A man in a dusty cloak and worn shoes is making his way through the dense crowds that fill the narrow road passing over London Bridge. He has just returned from a pilgrimage and leans heavily on the stout wooden stick that has seen him all the way to Salisbury and home again. He is tired, but before he returns to his little house and workshop on Cheapside there is one more thing he needs to do.
He spies a short and impossibly thin passageway between the tall buildings that line the bridge and cuts away from the crowd, stepping into the dark, his shoulders brushing the walls of the houses on each side. It stinks of rotten vegetables and urine and something, probably a rat, scuttles across his foot. He is relieved when he reaches the stone wall at the end of the alley and can see the Thames, wide and muddy brown, flowing away from him.
Standing on tiptoe, he looks down at the base of the bridge around which the water is rushing noisily, filling the air with wet river breath. This is the smell of home and he thanks God for his safe return. He breathes in the smell and closes his eyes, plucks a small diamond-shaped metal badge from his cloak and tosses it into the raging water.

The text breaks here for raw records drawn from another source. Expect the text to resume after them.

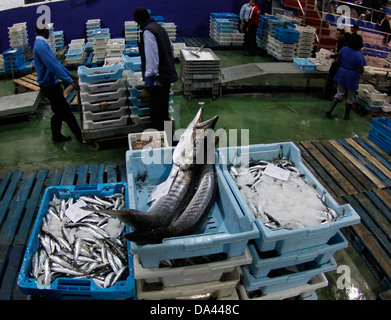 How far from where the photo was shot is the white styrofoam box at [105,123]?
18.3ft

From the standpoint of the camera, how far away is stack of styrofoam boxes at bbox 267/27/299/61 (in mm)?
10023

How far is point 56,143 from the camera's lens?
6.07m

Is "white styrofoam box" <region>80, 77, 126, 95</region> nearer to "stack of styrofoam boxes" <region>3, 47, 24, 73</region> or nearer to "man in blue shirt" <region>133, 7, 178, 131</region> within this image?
"man in blue shirt" <region>133, 7, 178, 131</region>

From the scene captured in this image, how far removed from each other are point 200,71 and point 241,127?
6.50ft

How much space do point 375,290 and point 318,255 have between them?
1.33 metres

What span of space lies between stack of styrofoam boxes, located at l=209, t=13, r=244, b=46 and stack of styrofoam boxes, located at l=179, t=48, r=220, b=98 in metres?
4.07

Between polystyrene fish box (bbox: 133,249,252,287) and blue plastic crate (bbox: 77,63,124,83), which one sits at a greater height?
blue plastic crate (bbox: 77,63,124,83)

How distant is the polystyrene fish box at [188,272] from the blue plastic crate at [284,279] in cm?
21

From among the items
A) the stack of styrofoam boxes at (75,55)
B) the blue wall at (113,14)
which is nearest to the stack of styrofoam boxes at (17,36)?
the blue wall at (113,14)

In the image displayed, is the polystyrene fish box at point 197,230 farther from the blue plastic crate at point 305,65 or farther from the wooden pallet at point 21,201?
the blue plastic crate at point 305,65

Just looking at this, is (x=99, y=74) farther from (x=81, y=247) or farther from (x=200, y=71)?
(x=81, y=247)

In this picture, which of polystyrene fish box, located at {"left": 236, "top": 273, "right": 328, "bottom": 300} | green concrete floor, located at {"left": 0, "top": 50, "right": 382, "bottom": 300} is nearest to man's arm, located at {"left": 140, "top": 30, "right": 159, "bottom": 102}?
green concrete floor, located at {"left": 0, "top": 50, "right": 382, "bottom": 300}

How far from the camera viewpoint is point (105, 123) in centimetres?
566

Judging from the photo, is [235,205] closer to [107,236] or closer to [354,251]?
[107,236] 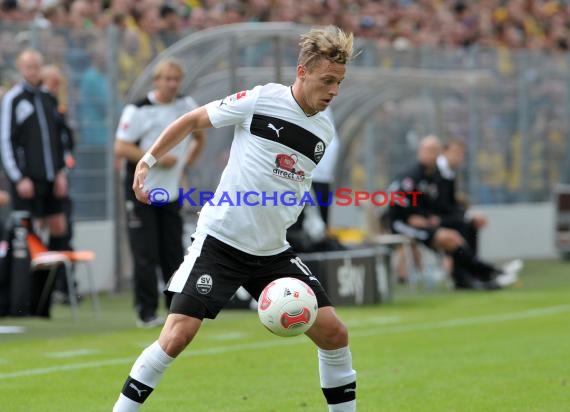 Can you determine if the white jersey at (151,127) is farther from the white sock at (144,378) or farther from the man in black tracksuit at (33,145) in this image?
the white sock at (144,378)

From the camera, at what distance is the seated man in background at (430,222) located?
1739 centimetres

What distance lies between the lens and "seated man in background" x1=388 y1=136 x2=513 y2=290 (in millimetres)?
17391

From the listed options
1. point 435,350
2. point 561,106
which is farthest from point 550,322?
point 561,106

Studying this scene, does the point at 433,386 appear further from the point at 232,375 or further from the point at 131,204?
the point at 131,204

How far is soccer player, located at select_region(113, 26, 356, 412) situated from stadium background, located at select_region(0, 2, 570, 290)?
8402mm

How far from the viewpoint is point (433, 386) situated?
907cm

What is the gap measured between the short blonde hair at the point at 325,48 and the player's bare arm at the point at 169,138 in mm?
601

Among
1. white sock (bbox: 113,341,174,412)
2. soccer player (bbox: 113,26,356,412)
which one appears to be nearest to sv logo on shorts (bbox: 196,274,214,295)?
soccer player (bbox: 113,26,356,412)

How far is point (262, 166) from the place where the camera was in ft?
22.7

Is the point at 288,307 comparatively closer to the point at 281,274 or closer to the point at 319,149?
the point at 281,274

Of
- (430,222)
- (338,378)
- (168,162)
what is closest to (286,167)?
(338,378)

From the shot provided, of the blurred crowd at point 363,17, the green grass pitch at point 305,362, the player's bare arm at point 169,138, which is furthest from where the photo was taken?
the blurred crowd at point 363,17

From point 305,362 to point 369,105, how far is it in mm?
9611

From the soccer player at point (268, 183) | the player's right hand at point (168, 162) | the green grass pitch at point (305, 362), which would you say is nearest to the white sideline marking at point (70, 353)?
the green grass pitch at point (305, 362) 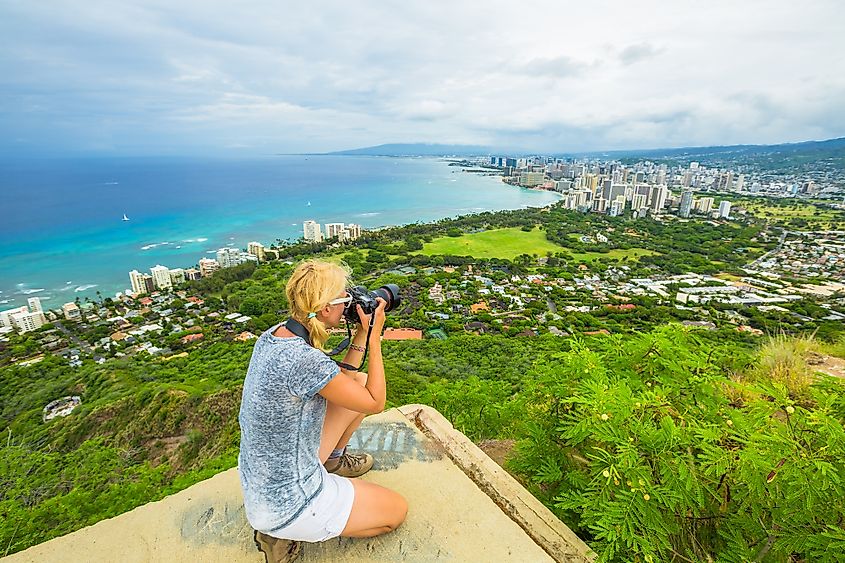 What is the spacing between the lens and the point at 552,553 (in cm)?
147

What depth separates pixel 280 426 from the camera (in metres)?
1.26

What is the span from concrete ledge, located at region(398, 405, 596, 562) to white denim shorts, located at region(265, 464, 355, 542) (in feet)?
2.23

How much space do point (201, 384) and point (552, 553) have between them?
913cm

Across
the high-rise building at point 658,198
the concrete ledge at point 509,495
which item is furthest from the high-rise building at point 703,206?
the concrete ledge at point 509,495

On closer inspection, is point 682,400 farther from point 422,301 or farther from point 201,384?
point 422,301

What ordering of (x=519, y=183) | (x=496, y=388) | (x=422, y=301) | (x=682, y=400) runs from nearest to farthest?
(x=682, y=400) < (x=496, y=388) < (x=422, y=301) < (x=519, y=183)

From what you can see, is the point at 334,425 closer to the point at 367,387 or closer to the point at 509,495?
the point at 367,387

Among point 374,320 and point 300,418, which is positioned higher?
point 374,320

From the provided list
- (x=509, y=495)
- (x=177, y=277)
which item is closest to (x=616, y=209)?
(x=177, y=277)

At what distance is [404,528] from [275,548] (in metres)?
0.46

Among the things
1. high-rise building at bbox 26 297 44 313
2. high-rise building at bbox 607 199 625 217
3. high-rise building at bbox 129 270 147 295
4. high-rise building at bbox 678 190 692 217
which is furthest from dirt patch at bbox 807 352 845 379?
high-rise building at bbox 678 190 692 217

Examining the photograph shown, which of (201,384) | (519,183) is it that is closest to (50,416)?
(201,384)

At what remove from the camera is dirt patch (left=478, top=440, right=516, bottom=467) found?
97.9 inches

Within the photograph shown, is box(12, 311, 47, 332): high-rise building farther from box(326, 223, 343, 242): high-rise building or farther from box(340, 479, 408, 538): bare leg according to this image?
box(340, 479, 408, 538): bare leg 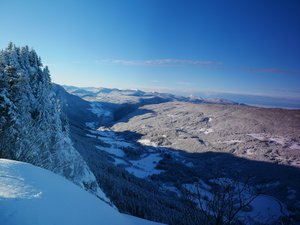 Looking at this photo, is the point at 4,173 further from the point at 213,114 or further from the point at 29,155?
the point at 213,114

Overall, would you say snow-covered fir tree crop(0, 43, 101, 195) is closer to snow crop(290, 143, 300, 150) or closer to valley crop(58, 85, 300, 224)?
valley crop(58, 85, 300, 224)

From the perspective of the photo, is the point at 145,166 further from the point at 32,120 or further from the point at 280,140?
the point at 280,140

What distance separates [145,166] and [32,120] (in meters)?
44.3

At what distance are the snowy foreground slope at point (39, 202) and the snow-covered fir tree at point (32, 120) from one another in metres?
4.46

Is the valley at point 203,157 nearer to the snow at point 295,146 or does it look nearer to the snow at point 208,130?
the snow at point 295,146

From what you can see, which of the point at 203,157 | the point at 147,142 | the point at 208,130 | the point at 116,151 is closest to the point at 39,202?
the point at 116,151

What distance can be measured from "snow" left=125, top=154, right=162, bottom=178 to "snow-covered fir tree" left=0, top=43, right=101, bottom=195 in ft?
109

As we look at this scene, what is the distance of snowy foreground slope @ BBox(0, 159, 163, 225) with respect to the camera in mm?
3615

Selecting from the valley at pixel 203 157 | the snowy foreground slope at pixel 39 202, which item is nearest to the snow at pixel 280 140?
the valley at pixel 203 157

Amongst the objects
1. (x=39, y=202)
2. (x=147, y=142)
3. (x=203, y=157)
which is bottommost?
(x=147, y=142)

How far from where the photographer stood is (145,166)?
5528 centimetres

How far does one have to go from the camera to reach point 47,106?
15.1 m

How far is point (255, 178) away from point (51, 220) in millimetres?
59864

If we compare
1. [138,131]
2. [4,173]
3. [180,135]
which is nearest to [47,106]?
[4,173] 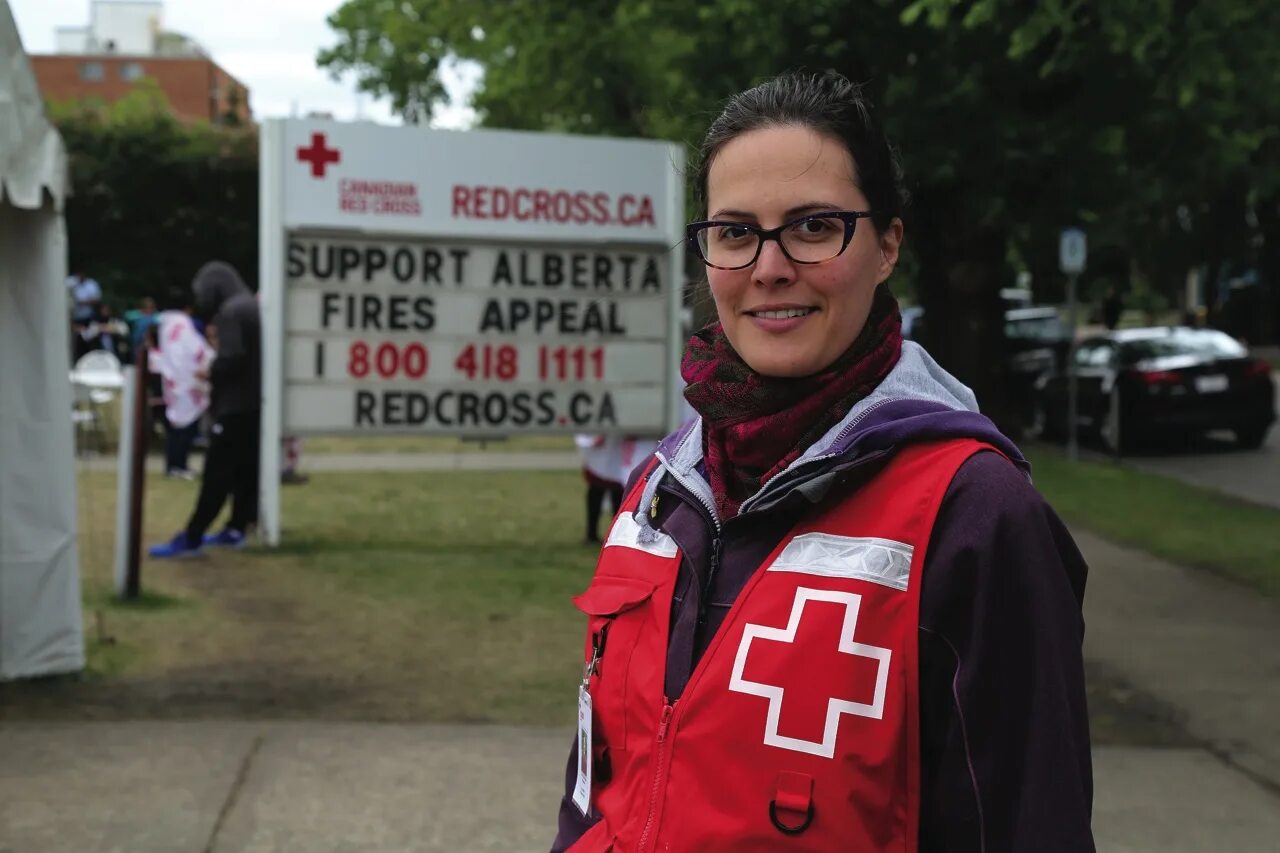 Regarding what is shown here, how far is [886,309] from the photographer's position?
199cm

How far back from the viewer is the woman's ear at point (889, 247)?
2023mm

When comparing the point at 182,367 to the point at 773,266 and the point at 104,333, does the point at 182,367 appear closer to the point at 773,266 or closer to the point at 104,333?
the point at 104,333

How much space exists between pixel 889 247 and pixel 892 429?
13.2 inches

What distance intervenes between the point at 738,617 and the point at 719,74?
13053mm

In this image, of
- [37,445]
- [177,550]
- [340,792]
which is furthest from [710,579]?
[177,550]

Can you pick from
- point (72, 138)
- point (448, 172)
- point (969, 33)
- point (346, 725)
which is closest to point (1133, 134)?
point (969, 33)

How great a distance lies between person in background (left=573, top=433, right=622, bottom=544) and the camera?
10727 millimetres

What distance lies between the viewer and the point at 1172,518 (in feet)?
41.6

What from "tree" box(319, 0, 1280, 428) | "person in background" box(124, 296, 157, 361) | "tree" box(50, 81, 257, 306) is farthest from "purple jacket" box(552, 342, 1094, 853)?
"tree" box(50, 81, 257, 306)

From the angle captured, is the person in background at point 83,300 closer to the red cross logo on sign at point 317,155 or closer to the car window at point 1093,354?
the red cross logo on sign at point 317,155

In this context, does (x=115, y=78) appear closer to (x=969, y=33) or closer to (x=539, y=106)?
(x=539, y=106)

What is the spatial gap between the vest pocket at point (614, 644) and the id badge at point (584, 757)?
0.02 m

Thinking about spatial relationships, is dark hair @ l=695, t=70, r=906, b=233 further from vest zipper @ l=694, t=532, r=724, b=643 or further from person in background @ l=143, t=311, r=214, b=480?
person in background @ l=143, t=311, r=214, b=480

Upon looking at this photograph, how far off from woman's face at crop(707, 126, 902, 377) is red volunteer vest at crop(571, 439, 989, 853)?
0.20m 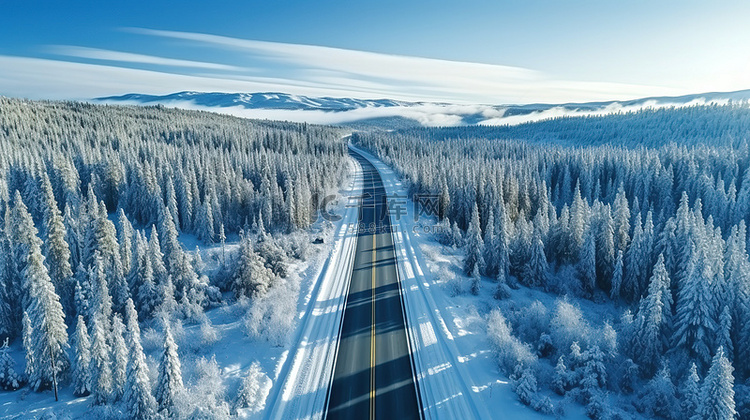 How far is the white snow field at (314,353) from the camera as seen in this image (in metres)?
24.2

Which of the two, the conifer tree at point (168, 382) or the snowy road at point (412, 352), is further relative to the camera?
the snowy road at point (412, 352)

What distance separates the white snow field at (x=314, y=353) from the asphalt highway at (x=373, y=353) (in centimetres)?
78

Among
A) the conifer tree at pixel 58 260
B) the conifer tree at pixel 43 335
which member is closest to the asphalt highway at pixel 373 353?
the conifer tree at pixel 43 335

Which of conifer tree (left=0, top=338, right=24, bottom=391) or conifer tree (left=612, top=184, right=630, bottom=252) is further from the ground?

Fast forward 600 years to a few weeks ago. It’s nearing dusk on a muggy summer evening and I’m on my hands and knees on the Thames foreshore, 100 yards from London Bridge, the latest incarnation in the 2,000-year history of London’s oldest crossing. I’m mudlarking, searching for evidence of London’s past, and tonight I’m in luck. Caught against a stone, in a low water-filled dip in the shingle, is a small diamond-shaped metal badge.
I recognise it at once as a medieval pewter pilgrim badge. The head and shoulders that rise out in relief are those of St Osmund, the patron saint of mental illness, paralysis and toothache, whose remains are enshrined at Salisbury Cathedral. Thousands of badges like this were sold at the shrines that pilgrims visited, cheap souvenirs to be pinned to cloaks, hats and bags.
Although they are rare finds today, more pilgrim badges have been found in the Thames than anywhere else in the country, leading some to speculate that they were thrown into the river as a kind of ritual offering. Whoever threw this badge into the water was continuing an age-old belief in a sacred river filled with gods, spirits and lost ancestors.
When the Victorians dredged the Thames and built embankments and bridges in the 19th century, they found thousands of prehistoric stone weapons and tools that had been offered to the river by some of the first humans to settle its banks. In the Bronze and Iron Ages, swords, spears, helmets and shields were added to the river’s trove. The value and beauty of these objects show just how important their riverine gods were to them and that these beliefs didn’t diminish with the coming of the Romans.
Victorian dredging also brought up Roman coins by the bucketful along with small votive statues. They may not have been honouring the river quite as ostentatiously, but by flicking in a low-denomination coin from the Roman bridge they too were acknowledging the river as a sacred place and pleasing the gods that dwelt within it. By the age of sail in the 18th century, the notion of river gods may have died out, but Georgian sailors were still paying the river for a fair wind on their travels by dropping pennies into it.
Even today, who hasn’t flicked a coin into water for luck? On an average day I can collect quite a handful of small change from under the bridges, proving that this ancient tradition is alive and well. I am also finding increasing numbers of religious objects on the foreshore: Wiccan spells, crucifixes, Islamic prayers, Taoist statues and all manner of Hindu offerings since the Thames was blessed in 1970 as a sacred river for Hindus. Every January for the past 20 years or so, a Christian procession from Southwark Cathedral on the south side of the river and St Magnus on the north side meets halfway across London Bridge to bless the Thames and to cast a wooden cross into it.
As I kneel on the foreshore with the light fading and storm clouds gathering above, I look into the face of St Osmund and consider all of this. The Thames has been my spiritual place for two decades; perhaps in these uncertain times, it will come to mean as much to others and resume its role, at least in part, as a sacred part of the city.